Did they enjoy museums? Try to make those trips happen again. If there are visual problems, try to find museums that are particularly interactive.

Were they subscribers to the theater, opera, orchestra, or dance companies? Try to make arrangements for up-front seating, and in the case of disabilities, make preparation for walkers and wheel chairs. Theater companies are, for the most part, extremely sensitive to the needs of an older audience.

Did they enjoy eating out with friends? Are they in wheelchairs? See if some friends are available and locate a restaurant that is wheelchair accessible and quiet (the better for conversation).
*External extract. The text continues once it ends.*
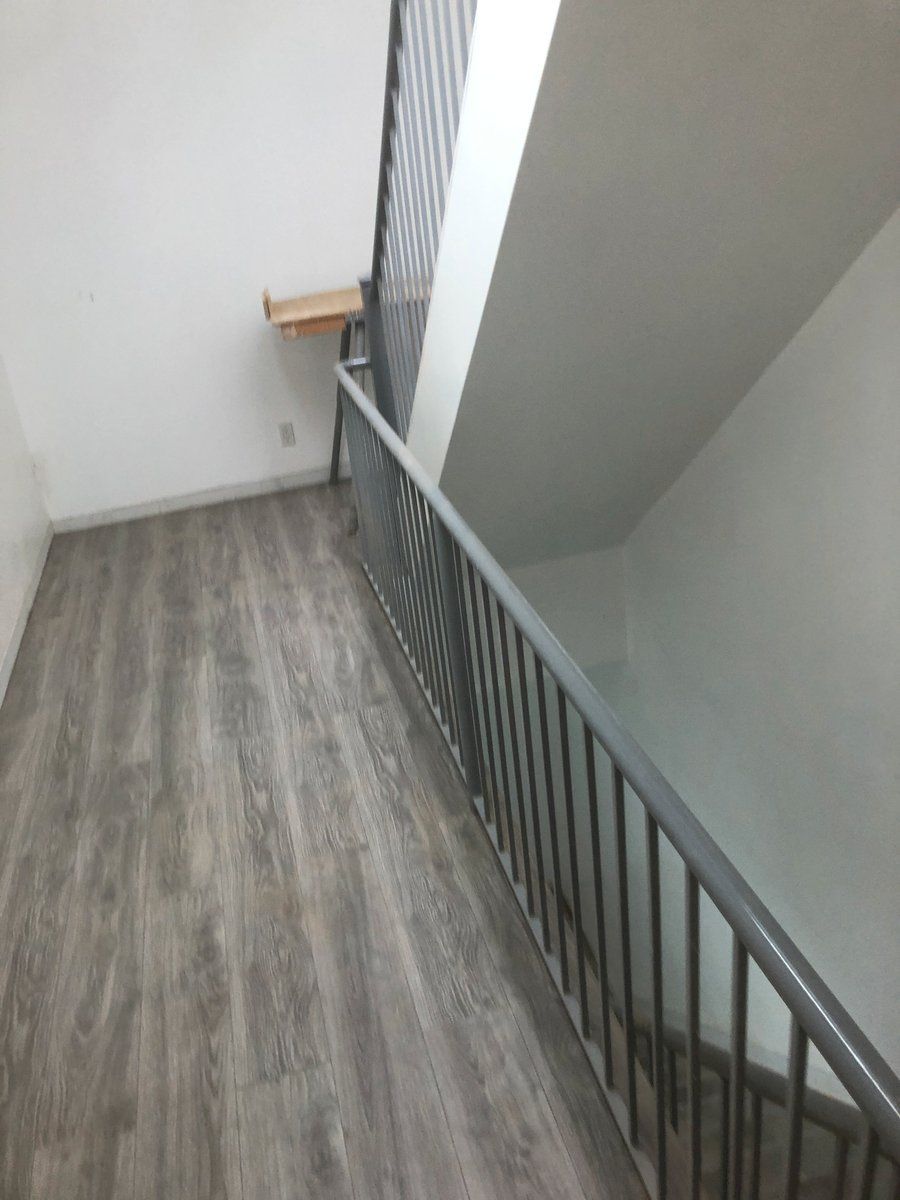 Laminated flooring installation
If there are no friends, they and their aides can still make a weekly event of a lovely lunch out.There are guides to help find wheelchair accessible restaurants.

Did they have a dog? What kind? Make sure their aides share the love of dogs so they both can go to dog runs or parks to watch the dogs play. Also, have a dog visit, preferably the breed they like.

Were they involved in creating their co-op's rooftop garden? Make it a goal, an incentive, to walk up the flight of stairs for a rooftop picnic.

Did they love movies, but their eyesight is diminished? Try out mid-day visits to movie theaters when the theater is relatively empty, and sit down front. Get a large, flat-screen TV and cable access to classic movies that will spark their memory and get them talking about favorite actors and actresses. Not enough options on cable? Rent DVDs or borrow from the library.

Do they like being involved in selecting groceries, but are in a wheelchair? Go on frequent trips to the grocery store and buy amounts that are manageable to carry home with the wheelchair - let them pick out their own food.

Did they go to the gym regularly, but now are disoriented and cannot navigate the facility? Have the aide accompany them and make arrangements with the gym to allow the aide to help them around the facility.

Did they volunteer at a soup kitchen, feeding homeless people? Find out if there is a way to continue to contribute time, perhaps along with the aide. Ask what they used to do there and what they liked; see if they can do that activity again.

In the process of organizing papers, have you found photos waiting to be put in albums? This is an opportunity to reminisce and learn from our elders about family history and famous people and events of decades past. Even if you need to hire a companion to work on this, it can be a chance to get seniors engaged again.

Do they love to talk about the past? Make a list of questions to help gently guide the conversation, and then record or videotape it.There are also organizations which collect oral history that can help with this project.

Is there a piano that indicates interest in music? Get it repaired and tuned and find someone to sit and play with them. Pull out old records, tapes, or CDs.Talk about memories associated with the music - what era does it evoke?

Is the computer a part of their life, but getting harder to navigate? Find a companion (aide, grandchild, neighbor, or someone for hire) who can help write memoirs, deal with e-mails, post photos, use Skype to communicate with distant family members. If eyesight is poor, get a larger monitor and set the font to a bigger size.

While there may not be an instantaneous success with any one project, gently presenting one idea or another may create a spark of interest and, with enthusiasm from those important to the senior, a whole new desire to participate in life may unfold. It is exciting when this happens and it is a fun challenge to find just the right activity.